Однако со временем к этим странностям стали привыкать, а потом они сделались нормой. Все, чем я занимался в Праге в начале 50-х годов, было достаточно странным. «Баллада в лохмотьях» принесла мне мой первый стабильный доход только потому, что чешский театр уничтожила доктрина соцреализма, но если в этом случае я косвенным образом воспользовался плодами революции, то в моей следующей работе я расплатился с этим долгом.

К концу первого года учебы в Киношколе на доске объявлений появился список бригад. Считалось, что обязательные летние выезды для работы на фермах и фабриках помогут сближению студенчества с героическим пролетариатом. Денег за эту работу почти не платили, но только «антисоциальные элементы» могли не хотеть записаться в бригады; все стремились попасть на фермы. Там по крайней мере можно было загореть.

Под влиянием минуты я записался для работы на шахте. Шахтеры считались гордостью режима, газеты были полны хвалебных статей о них, поэтому мне было любопытно увидеть, что на самом деле представляют собой эти люди, их жизнь и их подземный мир.

Меня послали в Раковник, маленький городок, где добывали лупек (асбест), серый, похожий на сланец минерал, используемый для изготовления огнеупорных материалов. Я отправился туда на месяц, и казалось, что за каких-то четыре недели мне станет нипочем даже чертова пасть.

Я представлял себе работу в бригаде таким образом: я буду спускаться в шахту на восемь часов каждый день, там благодаря тяжелой работе я достигну великолепной физической формы, а в моей внешности появится нечто инфернальное; я узнаю, что составляет смысл жизни этих людей; а потом я вернусь на поверхность, надену чистую рубашку и отправлюсь в какой-нибудь рабочий бар.
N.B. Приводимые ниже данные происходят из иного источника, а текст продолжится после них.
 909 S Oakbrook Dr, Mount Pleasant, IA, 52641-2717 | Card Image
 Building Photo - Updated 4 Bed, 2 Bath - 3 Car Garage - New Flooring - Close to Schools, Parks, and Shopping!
Я буду посвящать вечера холодному пиву, картам, разговорам и провинциалкам.

Я понял, что совершил страшную ошибку, как только приехал на шахту.

Меня отвели в большую комнату, где прямо на грязном полу лежали двадцать пять сырых матрацев. Между ними в беспорядке стояли стулья, сундуки, открытые чемоданы и коробки. Повсюду валялась рабочая одежда вперемешку с грязными ботинками и пустыми бутылками. В спальне для сезонных рабочих не было ни душа, ни ванной; мылись над металлической раковиной в коридоре, где сквозило и воняло из единственного на все строение туалета, который почти всегда был засорен и переполнен.

На следующий день, в шесть утра, группа мутноглазых шахтеров, а с ними и я погрузились в хрупкую клеть и спустились в шахту. Десятник, от которого разило, как от пивоваренного завода, протянул мне пневматический молоток и показал, как втыкать его в каменную стену. Это был тяжелый и плохой инструмент, и я на протяжении восьми часов исполнял с ним в руках пляску Святого Вита. К концу смены у меня болели все мышцы, а руки тряслись от усталости. Я отказался от сверхурочных и поднялся наверх. Мне было безразлично, что сияет солнце и что я весь в грязи. Я впихнул в себя клецки, свалился на матрац и спал мертвым сном вплоть до того момента, когда пришлось снова вставать и отправляться на шахту.

Моя «жизнь» в Раковнике так и не началась. Все время что-то болело, и все свободное время я спал. Я отправлялся в город только вечером в субботу, там я выпивал пару кружек пива в прокуренной таверне, которая казалась мне еще темнее, чем шахта, и засыпал прямо за столом, обхватив голову руками.

Я попробовал себя на нескольких работах в шахте, но каждый раз, когда я получал новую задачу, я влипал в новую передрягу. Чтобы избавиться от отбойного молотка, я стал грузчиком на маленьких вагонетках, которые вывозили лупек на поверхность. Эта работа стоила мне половины кожи на ладонях. Я не натер мозолей, вынимая острые куски сланца из ручьев холодной и грязной воды, которые струились по всей шахте, но изрезал и отдавил себе все пальцы, изранил до крови ладони, поэтому решил перейти на жернов.